**WHAT TO DO:** Only what runs from the line with "Apartamento para alugar" to the end of the data should appear in the answer, exactly as written and without pictures.

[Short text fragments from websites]
%%
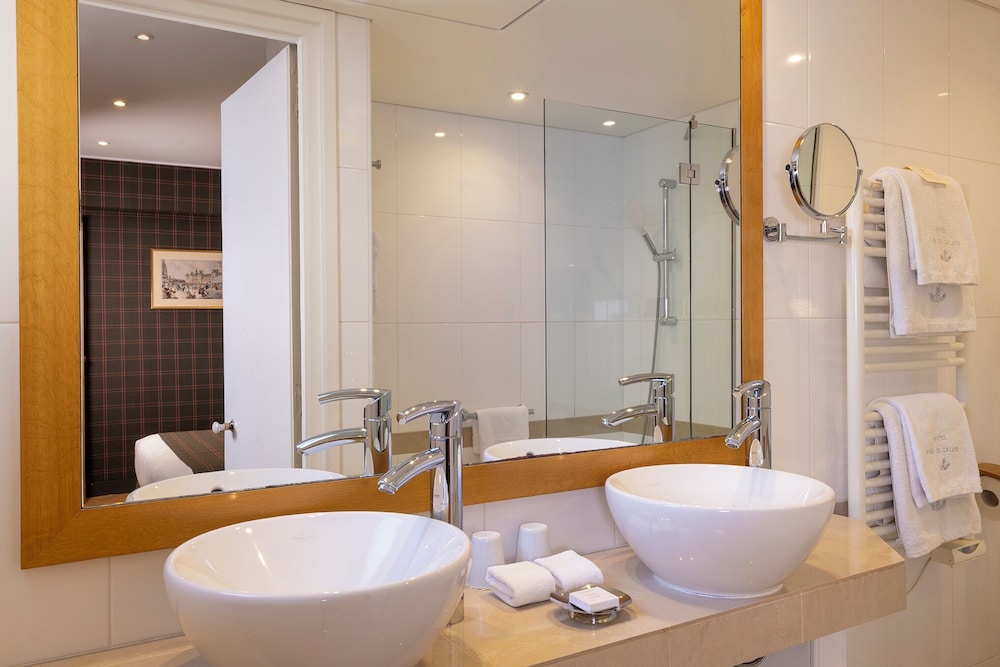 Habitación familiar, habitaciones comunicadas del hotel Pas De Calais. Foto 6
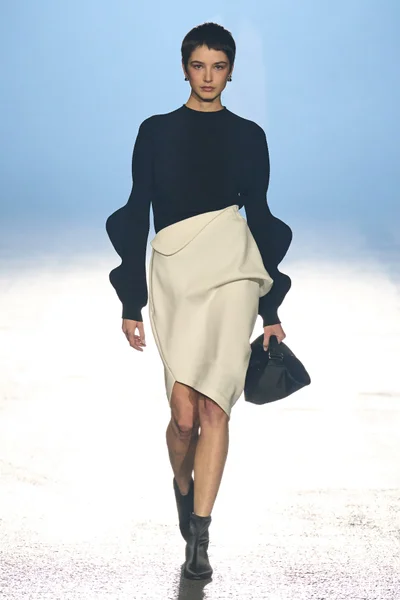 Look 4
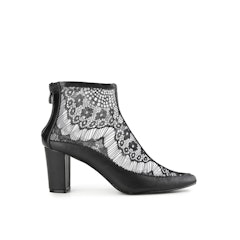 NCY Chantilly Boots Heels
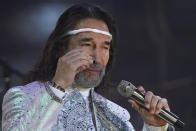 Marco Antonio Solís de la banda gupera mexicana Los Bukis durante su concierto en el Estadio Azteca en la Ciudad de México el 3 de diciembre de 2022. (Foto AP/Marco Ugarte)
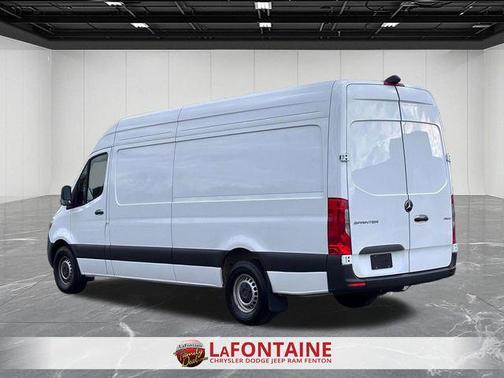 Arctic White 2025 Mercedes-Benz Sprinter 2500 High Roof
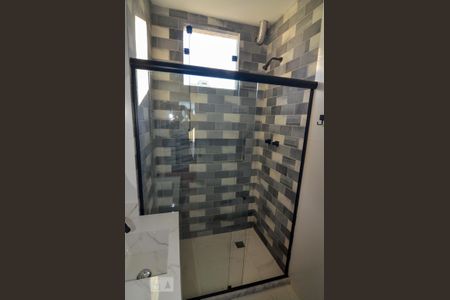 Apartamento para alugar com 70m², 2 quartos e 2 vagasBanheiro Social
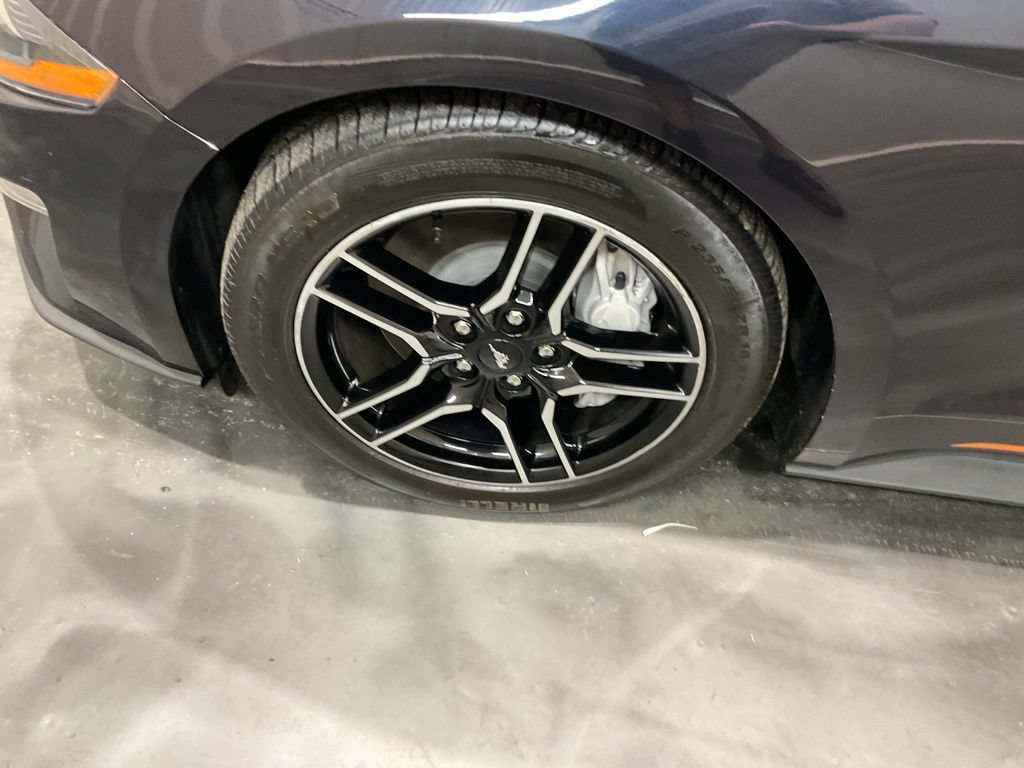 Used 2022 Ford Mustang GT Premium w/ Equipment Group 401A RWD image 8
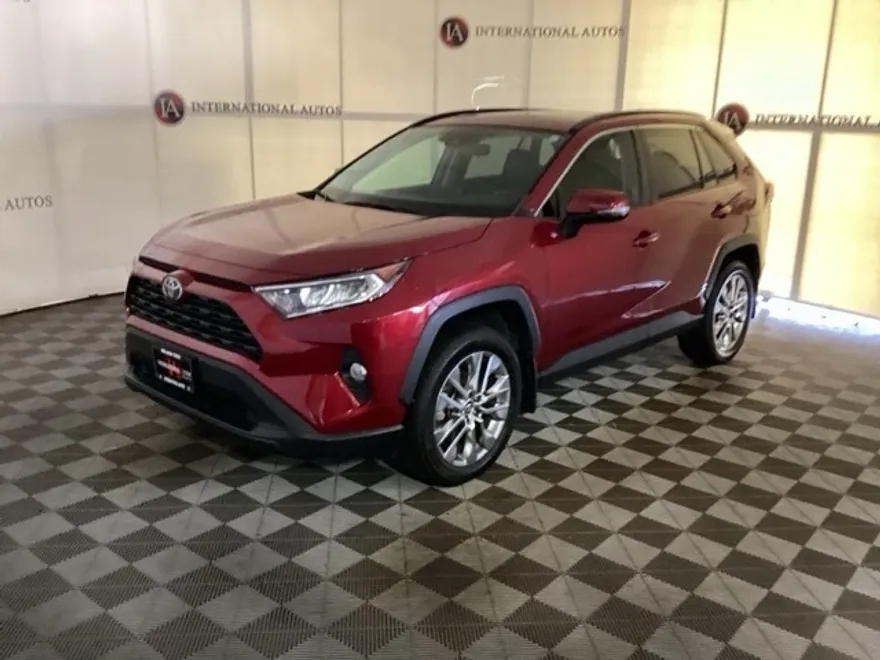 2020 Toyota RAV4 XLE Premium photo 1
%%
**TASK RESPONSE:**
 Apartamento para alugar com 70m², 2 quartos e 2 vagasBanheiro Social
 Used 2022 Ford Mustang GT Premium w/ Equipment Group 401A RWD image 8
 2020 Toyota RAV4 XLE Premium photo 1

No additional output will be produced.